CustomScheduler does not warn about early computes via compute_meta
Describe the bug
No warning from the CustomScheduler utility in satpy.utils.tests reaches the user/developer when the (accidental) computation occurs via the dask compute_meta function.
To Reproduce
import dask.config
import dask.array as da
import numpy as np
import xarray as xr
from satpy.tests.utils import CustomScheduler
cs = CustomScheduler(max_computes=0)
dabl = xr.DataArray(da.array([[True, True], [False, True]]), dims=("y", "x"))
dain = xr.DataArray(da.array([[0, 1], [2, 3]]), dims=("y", "x"))
with dask.config.set(scheduler=cs):
for i in range(5):
da.where(dabl, dain, np.nan)
print(cs.total_computes)
Expected behavior
I expect either that cs.total_computes equals zero, or that I'm told as soon as it becomes larger than max_computes.
Actual results
5
Environment Info:
- OS: Linux
- Satpy Version: main
Additional context
This isn't really satpys fault and I'm not sure what satpy could do about it. It does raise a RuntimeError, but this one is swallowed by dask. We can tell this by setting a breakpoint and inspecting the stack:
File "/data/gholl/checkouts/protocode/mwe/custom-scheduler-doesnt-catch.py", line 12, in <module>
da.where(dabl, dain, np.nan)
File "/data/gholl/mambaforge/envs/py311/lib/python3.11/site-packages/dask/array/routines.py", line 2107, in where
return elemwise(np.where, condition, x, y)
File "/data/gholl/mambaforge/envs/py311/lib/python3.11/site-packages/dask/array/core.py", line 4831, in elemwise
result = blockwise(
File "/data/gholl/mambaforge/envs/py311/lib/python3.11/site-packages/dask/array/blockwise.py", line 286, in blockwise
meta = compute_meta(func, dtype, *args[::2], **kwargs)

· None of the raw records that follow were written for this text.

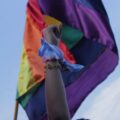 La comunidad LGBTTTIQ de Chiapas se unió para marchar por la dignidad y el orgullo, así como para exigir los mismo derechos y respeto

Foto: Joselin Zamora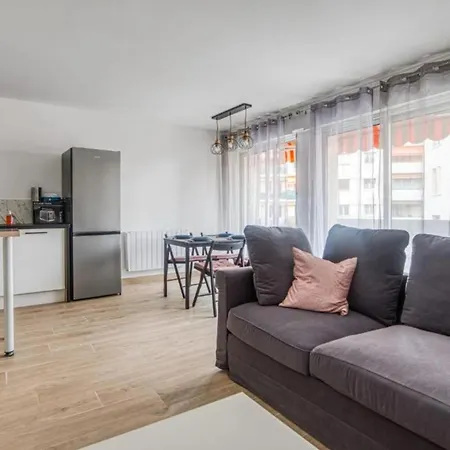 Bright With A View In Appartement *
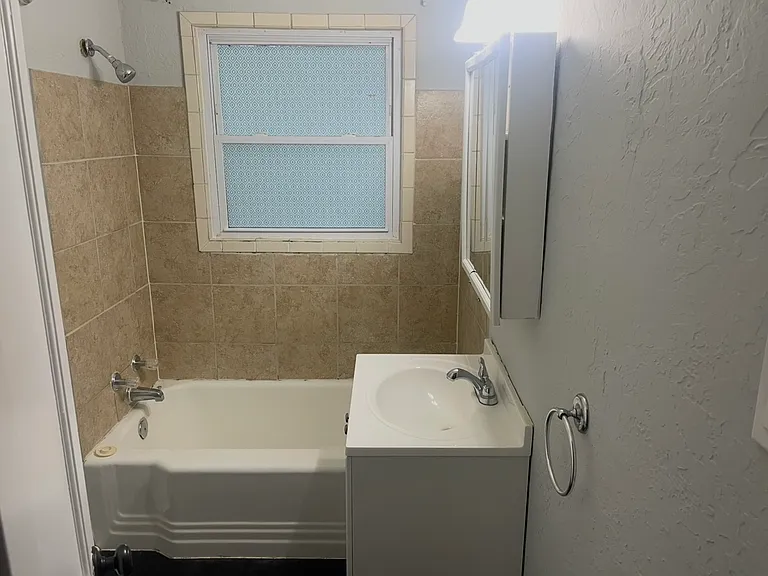 3728 S Norwood Ave — Photo 8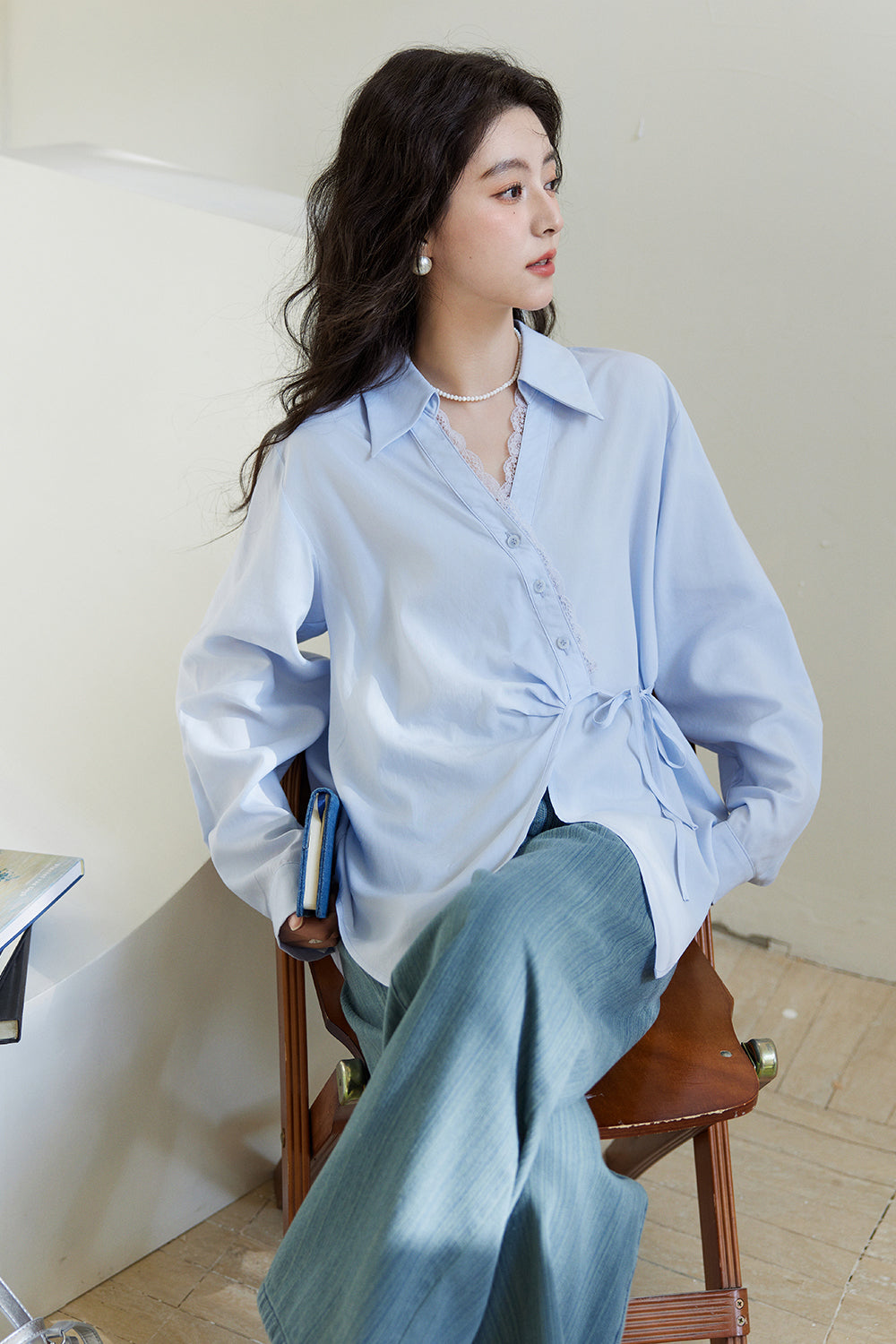 女性用シャツ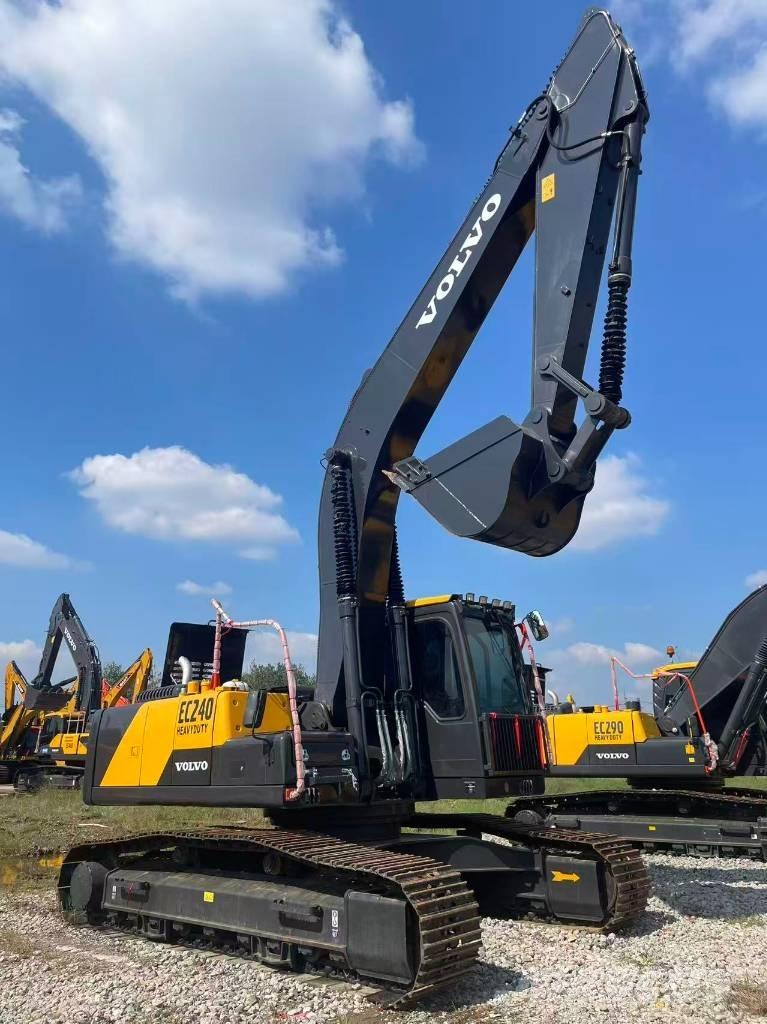 Volvo EC 240 Pásové rýpadlá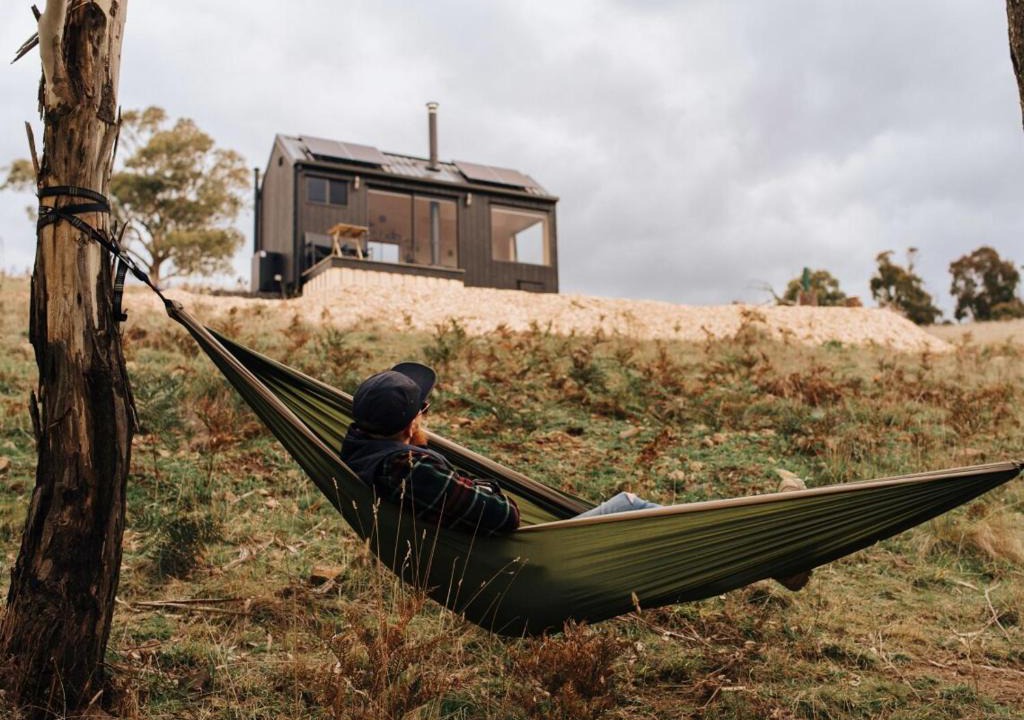 Oberon Council House | Off-Grid Cabin Surrounded by Nature - Emillie
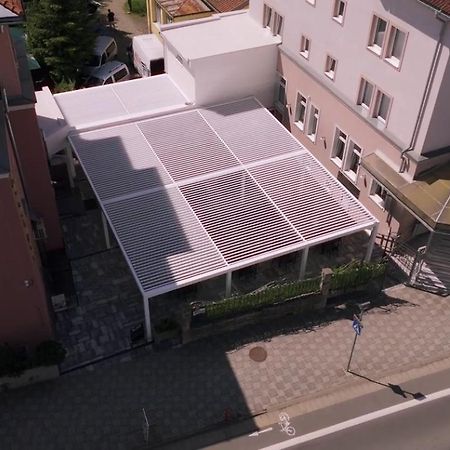 Penzion Franko Zvolen Esterno foto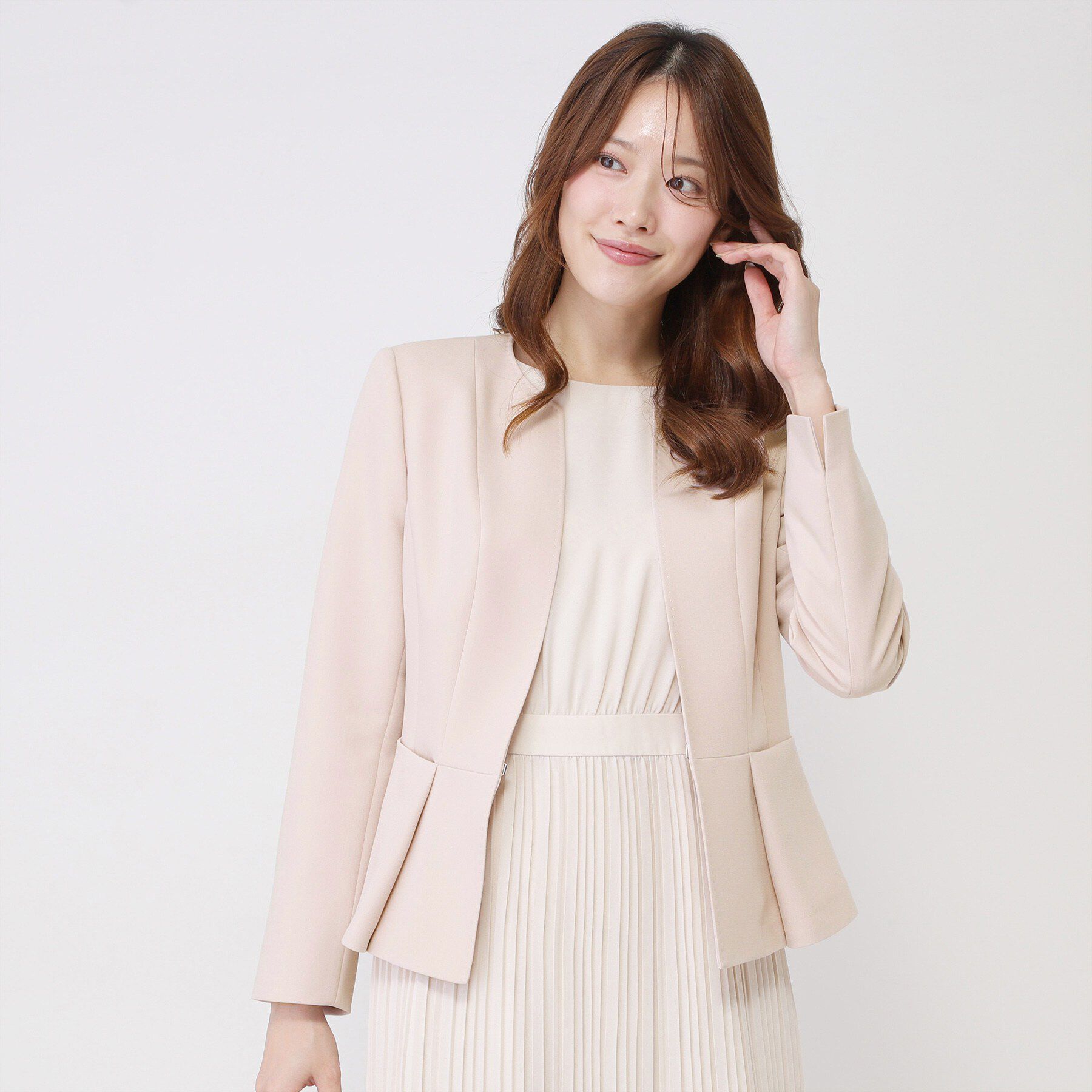 COUP DE CHANCE「【手洗い可／日本製／スーツ可】ペプラムデザインのカラーレスジャケット」|ノーカラージャケット|ライトピンク(070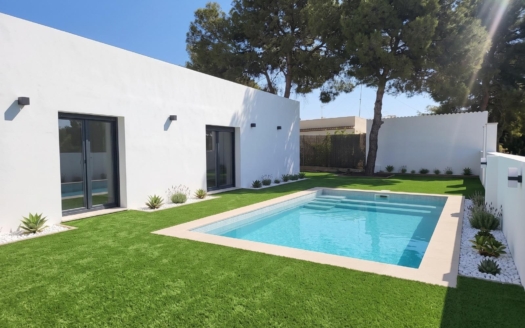 Villa in Torrevieja – EE14130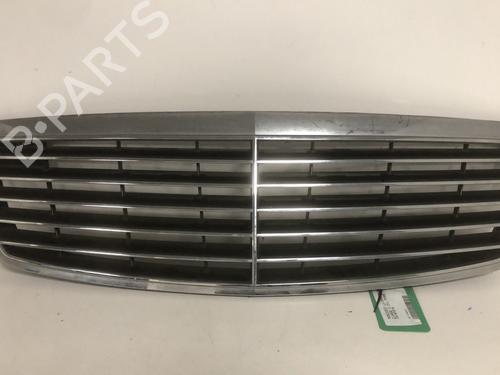 Used Grille Grille MERCEDES-BENZ E-CLASS (W211) E 320 4-matic (211.082) (224 hp) 33598199 33598199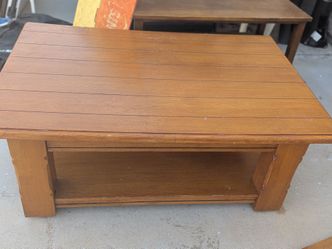 Coffee table that pulls out to a table/desk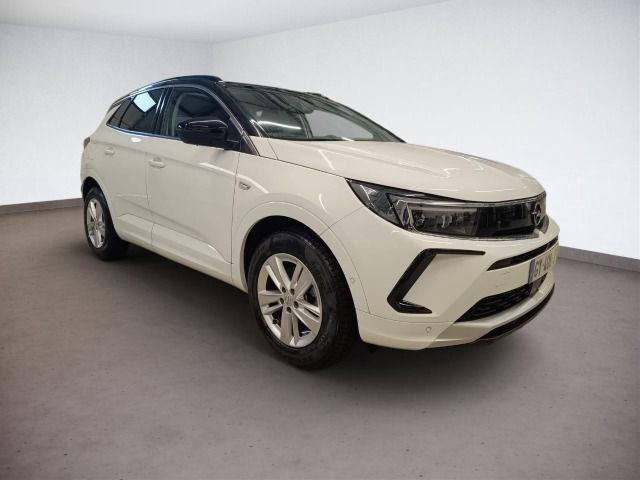 Grandland Elegance 1.2 Turbo AT8+SHZ+CARPLAY+LHZ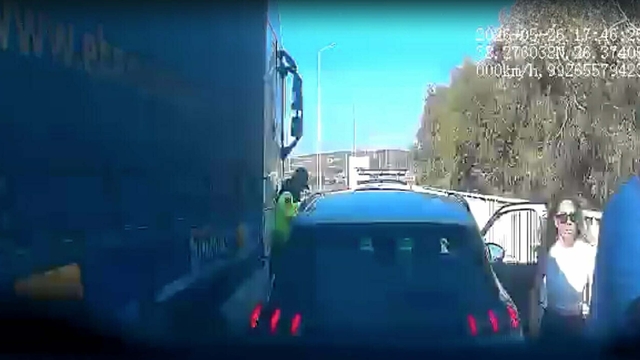 TIR'ın çarptığı uzman çavuş yaralandı; kaza kamerada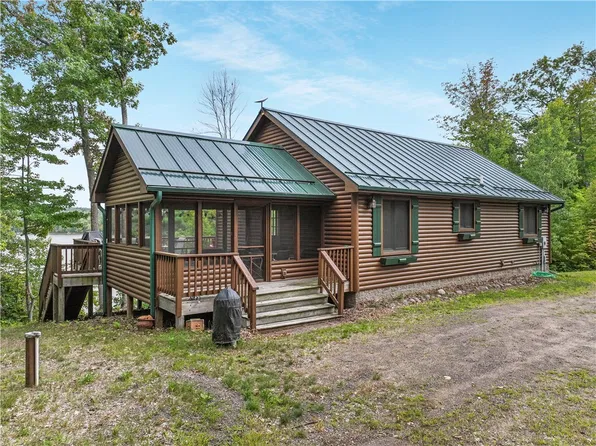 5498N Ham Holly Drive, Stone Lake, WI 54876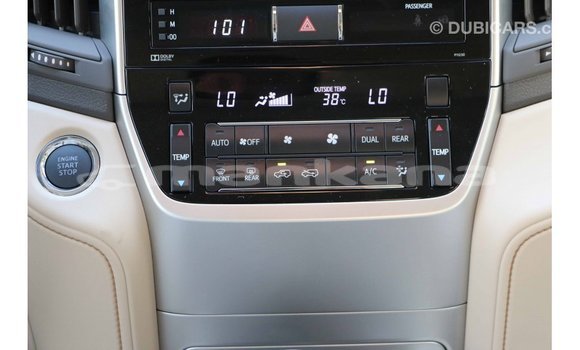 Buy Import Toyota Land Cruiser White Car in Import - Dubai in Abhasia Buy Import Toyota Land Cruiser White Car in Import - Dubai in Abhasia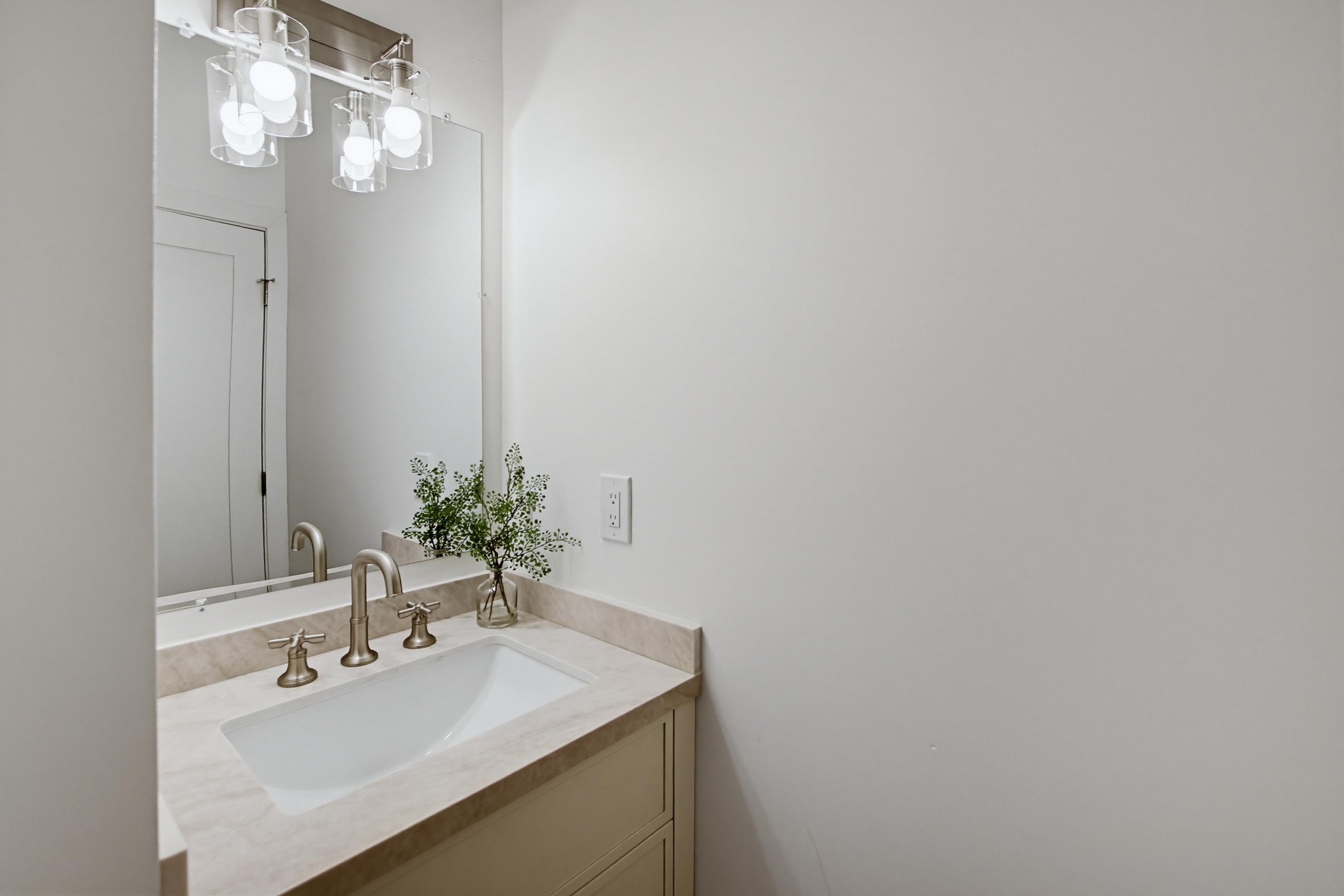Virtual tour photo 24 of 44 for 6448 Glidden St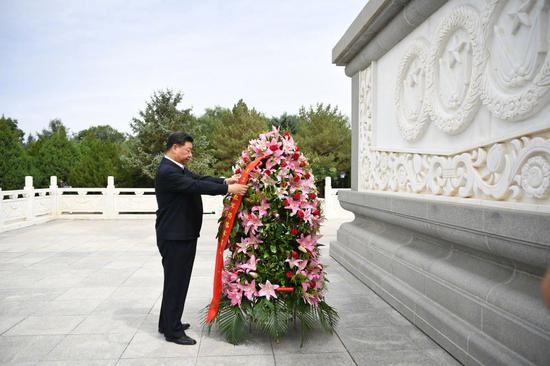 8月20日上午，习近平来到张掖市高台县，瞻仰中国工农红军西路军纪念碑和阵亡烈士公墓，向西路军革命先烈敬献花篮。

File "/data/gholl/mambaforge/envs/py311/lib/python3.11/site-packages/dask/array/utils.py", line 140, in compute_meta
meta = func(*args_meta, **kwargs_meta)
File "<__array_function__ internals>", line 200, in where
File "/data/gholl/mambaforge/envs/py311/lib/python3.11/site-packages/xarray/core/common.py", line 165, in __array__
return np.asarray(self.values, dtype=dtype)
File "/data/gholl/mambaforge/envs/py311/lib/python3.11/site-packages/xarray/core/dataarray.py", line 759, in values
return self.variable.values
File "/data/gholl/mambaforge/envs/py311/lib/python3.11/site-packages/xarray/core/variable.py", line 616, in values
return _as_array_or_item(self._data)
File "/data/gholl/mambaforge/envs/py311/lib/python3.11/site-packages/xarray/core/variable.py", line 309, in _as_array_or_item
data = np.asarray(data)
File "/data/gholl/mambaforge/envs/py311/lib/python3.11/site-packages/dask/array/core.py", line 1700, in __array__
x = self.compute()
File "/data/gholl/mambaforge/envs/py311/lib/python3.11/site-packages/dask/base.py", line 342, in compute
(result,) = compute(self, traverse=False, **kwargs)
File "/data/gholl/mambaforge/envs/py311/lib/python3.11/site-packages/dask/base.py", line 628, in compute
results = schedule(dsk, keys, **kwargs)
File "/data/gholl/checkouts/satpy/satpy/tests/utils.py", line 288, in __call__
raise RuntimeError("Too many dask computations were scheduled: "
however, in dask.array.utils.compute_meta we have:
try:
...
meta = func(*args_meta, **kwargs_meta)
...
except Exception:
return None
which is why the user never sees the RuntimeError raised in the CustomScheduler, and the early compute (such as in #2614) goes unnoticed.
I'm not sure what type of workaround could work to still inform the user.
Wow that except Exception is real bad in dask. I don't see a reasonable way for us to return any other normal exception and not get it swallowed up by that.
Dask issue: https://github.com/dask/dask/issues/10595
One workaround in tests seems to be to do an arr.compute() and use max_computes=1. In #2623, before the fix, the scheduler reported four computations when triggered. So cause one intended computation to reveal the hidden ones. Maybe.